Artificial Intelligence (AI) is reshaping industries worldwide, and insurance is no exception. Insurers are using AI to automate claims, detect fraud, and manage risks more efficiently.
But when it comes to health insurance, where lives are at stake, AI’s role has already become deeply controversial. Globally, especially in the U.S., AI is being used to deny claims and prior authorizations at scale, raising red flags for regulators, doctors, and patients.

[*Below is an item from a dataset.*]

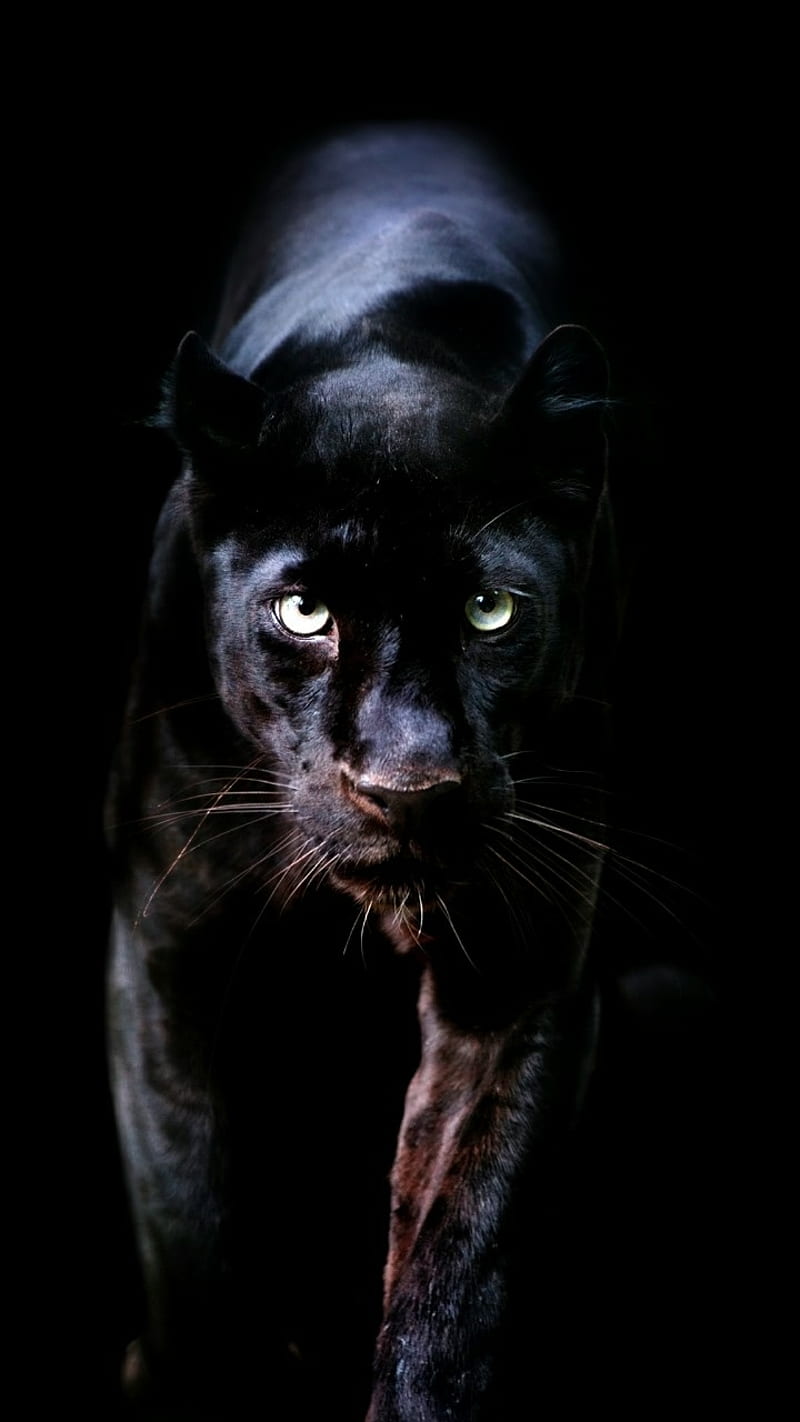 black, cat, panther, HD phone wallpaper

India too is on the brink of adopting AI more broadly in claims processing. The question is: will AI help policyholders, or make their struggle worse?
The U.S. experience: AI and claim denials
- A 2024 AMA survey found that 61% of U.S. physicians fear insurers’ use of AI is increasing prior authorization denials, overriding medical judgment.
- Some AI systems, like nH Predict, allegedly produced denial rates up to 16× higher than normal.
- Lawsuits revealed that 90% of AI-driven denials were overturned on appeal, proving they were often wrongful to begin with.
- California passed the Physicians Make Decisions Act (2024), banning insurers from relying solely on algorithms for claim approvals.
AI can speed up processing, but without oversight, it can also systematically block rightful care.
India’s health claim reality today
Even without AI, Indian health insurance claims are a battlefield:
- ₹26,000 crore worth of health claims were denied in FY24 (IRDAI).
- That’s 11% of all claims outright rejected, with another 6% stuck in limbo.
- Nearly half of policyholders surveyed by LocalCircles reported facing serious claim issues: outright rejections, partial settlements, or delays.
- Platforms like InsuranceSamadhan handled 14,621 complaints in FY25, 76% relating to health claims.
For the average Indian, getting a claim paid is already difficult. Add opaque AI denials, and the situation could become disastrous.
Could AI make things worse in India?
If Indian insurers adopt AI like in the U.S., here’s what could happen:
- Large scale denials: AI may reject claims in seconds, with little to no explanation.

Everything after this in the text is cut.